World Stamps

Born Feb. 2: James Joyce

Feb 1, 2017, 10 PM
A 30-penny stamp honoring author James Joyce was issued in 2000 by his native Ireland.

By Michael Baadke

Celebrated Irish author James Joyce was born Feb. 2, 1882, in Rathgar, a Dublin suburb. He studied languages at University College Dublin, graduating in 1902. He began work on the early stories that would become the collection Dubliners, as well as a novel titled Stephen Hero that was later reworked and finally published in book form in 1916 as A Portrait of the Artist as a Young Man.

In 1904, he met Nora Barnacle, and the two would leave Ireland together later that year to live on the European continent. They remained together, marrying in 1931, 10 years before Joyce’s death at age 59 in 1941.

During his lifetime, Joyce published two collections of poetry, and a play, Exiles, that explored the themes of doubt and jealousy.

It was his 1922 novel Ulysses that established Joyce as a major modernist writer. The tale of young Stephen Dedalus and the older Leopold Bloom as they each wander through Dublin on June 16, 1904, is linked in ways to Homer’s Odyssey, but retold as an often enigmatic stream-of-consciousness narrative.
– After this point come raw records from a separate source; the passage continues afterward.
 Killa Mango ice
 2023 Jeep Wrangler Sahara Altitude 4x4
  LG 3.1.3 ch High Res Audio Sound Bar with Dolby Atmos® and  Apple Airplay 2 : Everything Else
June 16 is annually celebrated today as Bloomsday by Joyce enthusiasts worldwide.

The book overcame initial accusations of obscenity to be ranked in recent years as No. 1 on many lists of the greatest novels of the 20th century.

With his final novel, Finnegans Wake, published in 1939, Joyce would extend the narrative experimentation of the episodic Ulysses into an extraordinary family saga rendered as a cryptic dreamscape densely populated with free-form language puzzles. Many readers find the effort of reading Finnegans Wake rewarding, while others have abandoned the lengthy work as incomprehensible.

James Joyce has been honored on multiple stamps from his native Ireland, including a single 30-penny stamp issued on Bloomsday, June 16, 2000, as part of the Millennium series (Scott 1220c).